Me vuelvo a sentar y esta vez tengo más esperanzas de continuar trabajando; ya no hay quien me descentre. Saco el portátil de su funda y lo pongo encima de la mesa. Segundos después, mientras espero a que se encienda oigo el ruido de algo muy pequeño chocar contra el suelo. A mí se me hace raro, porque en principio no identifico qué puede ser. Me retuerzo como puedo para alcanzar lo que se ha caído, que resulta ser una tarjeta publicitaria. «Sala Stella. Calle Arlaban, 7. Metro Sevilla/Sol» leo y se me escapa una sonrisa. Inmediatamente relaciono conceptos y pienso que el chaval ha dejado eso en mi sillón con la intención de que yo misma lo encontrase, y no Silvio.

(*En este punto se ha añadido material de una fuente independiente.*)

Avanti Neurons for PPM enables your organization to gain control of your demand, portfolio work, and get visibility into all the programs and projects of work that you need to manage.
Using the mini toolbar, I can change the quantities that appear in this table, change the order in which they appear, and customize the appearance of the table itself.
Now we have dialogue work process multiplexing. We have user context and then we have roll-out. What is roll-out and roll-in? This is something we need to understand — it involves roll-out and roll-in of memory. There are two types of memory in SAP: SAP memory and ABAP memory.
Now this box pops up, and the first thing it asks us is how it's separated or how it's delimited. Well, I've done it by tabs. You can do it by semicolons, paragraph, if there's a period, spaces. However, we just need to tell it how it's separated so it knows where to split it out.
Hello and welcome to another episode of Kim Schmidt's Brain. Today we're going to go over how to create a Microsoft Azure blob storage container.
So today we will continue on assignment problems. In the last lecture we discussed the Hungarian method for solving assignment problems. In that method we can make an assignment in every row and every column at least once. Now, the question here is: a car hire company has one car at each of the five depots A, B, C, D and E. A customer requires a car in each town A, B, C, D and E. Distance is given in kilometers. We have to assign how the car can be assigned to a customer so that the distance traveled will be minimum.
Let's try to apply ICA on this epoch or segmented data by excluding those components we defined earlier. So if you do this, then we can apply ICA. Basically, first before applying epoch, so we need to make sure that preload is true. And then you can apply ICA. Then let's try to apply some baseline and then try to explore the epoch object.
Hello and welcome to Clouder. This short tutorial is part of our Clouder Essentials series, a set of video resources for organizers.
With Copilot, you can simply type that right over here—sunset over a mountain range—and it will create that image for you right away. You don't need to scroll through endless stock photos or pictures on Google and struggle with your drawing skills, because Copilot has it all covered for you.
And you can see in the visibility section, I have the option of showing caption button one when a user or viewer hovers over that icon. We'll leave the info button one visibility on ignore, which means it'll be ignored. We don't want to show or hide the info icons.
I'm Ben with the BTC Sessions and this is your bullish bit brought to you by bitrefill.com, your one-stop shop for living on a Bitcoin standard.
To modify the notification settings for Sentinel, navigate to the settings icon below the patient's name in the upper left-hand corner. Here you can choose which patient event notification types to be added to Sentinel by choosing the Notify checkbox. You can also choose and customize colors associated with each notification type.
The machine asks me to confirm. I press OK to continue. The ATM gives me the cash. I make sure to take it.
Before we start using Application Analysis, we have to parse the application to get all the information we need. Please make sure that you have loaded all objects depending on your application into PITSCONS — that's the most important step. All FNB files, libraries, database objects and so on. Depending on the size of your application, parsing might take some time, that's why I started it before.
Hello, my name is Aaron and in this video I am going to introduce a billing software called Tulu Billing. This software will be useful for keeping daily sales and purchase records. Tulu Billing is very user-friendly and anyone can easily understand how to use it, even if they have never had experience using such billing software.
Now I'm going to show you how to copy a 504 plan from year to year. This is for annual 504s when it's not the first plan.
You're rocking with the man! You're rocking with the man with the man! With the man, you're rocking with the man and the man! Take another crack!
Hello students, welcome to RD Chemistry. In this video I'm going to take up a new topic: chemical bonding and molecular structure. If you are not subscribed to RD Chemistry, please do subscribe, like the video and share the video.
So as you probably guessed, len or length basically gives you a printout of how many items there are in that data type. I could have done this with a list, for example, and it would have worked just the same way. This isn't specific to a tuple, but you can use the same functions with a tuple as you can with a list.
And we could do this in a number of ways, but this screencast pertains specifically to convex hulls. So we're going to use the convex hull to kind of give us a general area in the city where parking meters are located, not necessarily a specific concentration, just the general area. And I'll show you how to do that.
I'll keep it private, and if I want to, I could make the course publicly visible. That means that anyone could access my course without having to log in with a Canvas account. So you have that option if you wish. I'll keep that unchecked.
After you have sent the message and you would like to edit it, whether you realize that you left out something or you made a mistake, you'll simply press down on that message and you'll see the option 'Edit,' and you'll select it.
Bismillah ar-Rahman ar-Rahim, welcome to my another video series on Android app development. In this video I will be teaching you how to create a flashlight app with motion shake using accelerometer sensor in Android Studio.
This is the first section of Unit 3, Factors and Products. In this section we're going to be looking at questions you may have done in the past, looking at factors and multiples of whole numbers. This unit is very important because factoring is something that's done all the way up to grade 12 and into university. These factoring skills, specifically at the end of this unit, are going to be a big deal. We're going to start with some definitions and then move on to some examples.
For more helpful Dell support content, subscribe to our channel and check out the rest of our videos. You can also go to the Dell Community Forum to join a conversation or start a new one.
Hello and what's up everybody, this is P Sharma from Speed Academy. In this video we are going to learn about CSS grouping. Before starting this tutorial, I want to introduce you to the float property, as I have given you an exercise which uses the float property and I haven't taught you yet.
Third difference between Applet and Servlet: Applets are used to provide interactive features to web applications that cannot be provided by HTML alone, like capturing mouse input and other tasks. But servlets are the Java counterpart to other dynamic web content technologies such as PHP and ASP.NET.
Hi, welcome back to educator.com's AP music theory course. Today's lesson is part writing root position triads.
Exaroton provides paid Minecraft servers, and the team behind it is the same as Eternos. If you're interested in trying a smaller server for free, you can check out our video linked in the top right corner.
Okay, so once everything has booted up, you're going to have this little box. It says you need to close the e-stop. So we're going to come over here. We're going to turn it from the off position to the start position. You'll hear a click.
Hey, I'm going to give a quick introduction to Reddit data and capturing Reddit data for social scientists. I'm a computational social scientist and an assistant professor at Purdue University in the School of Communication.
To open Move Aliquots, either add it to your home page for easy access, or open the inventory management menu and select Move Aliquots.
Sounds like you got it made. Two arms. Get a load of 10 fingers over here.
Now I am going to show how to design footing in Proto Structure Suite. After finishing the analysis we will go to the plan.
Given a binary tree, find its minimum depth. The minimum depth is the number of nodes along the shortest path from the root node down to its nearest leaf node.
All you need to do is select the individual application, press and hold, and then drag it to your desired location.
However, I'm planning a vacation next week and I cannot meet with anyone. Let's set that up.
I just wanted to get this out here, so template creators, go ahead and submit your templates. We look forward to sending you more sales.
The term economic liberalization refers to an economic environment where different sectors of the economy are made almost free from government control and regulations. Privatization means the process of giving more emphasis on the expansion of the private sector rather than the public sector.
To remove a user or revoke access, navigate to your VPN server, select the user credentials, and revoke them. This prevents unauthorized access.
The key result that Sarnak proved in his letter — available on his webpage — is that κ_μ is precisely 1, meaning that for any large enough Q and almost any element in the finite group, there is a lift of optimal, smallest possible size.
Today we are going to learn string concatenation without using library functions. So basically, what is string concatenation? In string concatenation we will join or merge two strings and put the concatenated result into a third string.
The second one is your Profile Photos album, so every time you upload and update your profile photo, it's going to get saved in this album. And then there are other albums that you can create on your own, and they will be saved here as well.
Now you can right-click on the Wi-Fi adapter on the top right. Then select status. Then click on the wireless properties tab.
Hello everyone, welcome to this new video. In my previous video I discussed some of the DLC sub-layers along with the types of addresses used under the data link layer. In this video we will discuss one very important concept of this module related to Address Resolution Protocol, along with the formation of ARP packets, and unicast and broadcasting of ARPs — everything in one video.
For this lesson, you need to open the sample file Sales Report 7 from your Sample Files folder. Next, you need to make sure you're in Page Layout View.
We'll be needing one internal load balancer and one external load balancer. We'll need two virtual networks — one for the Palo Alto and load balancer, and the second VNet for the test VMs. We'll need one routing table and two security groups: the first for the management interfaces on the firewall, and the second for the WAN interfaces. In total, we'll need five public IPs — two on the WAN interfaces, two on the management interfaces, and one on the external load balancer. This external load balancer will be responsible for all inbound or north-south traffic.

Aprovecho que la sesión ya está iniciada en el ordenador y busco la sala en cuestión. El primer enlace que aparece en Google es la página de Facebook. Tal y como pensé, es un pub. Deslizo a fin de ver qué publicaciones son las más recientes y encuentro lo que me temía. «Infierno. Kaydy Cain. Anticipada: 12€» era la información destacada. Sigo sonriendo como una estúpida mientras rebusco información sobre él. Si se piensa que voy a ir a una discoteca llena de adolescentes para ver su penoso show, la lleva clara conmigo ¿quién se cree que es? Aparté la tarjeta y seguí a lo mío. Ya había perdido suficiente tiempo.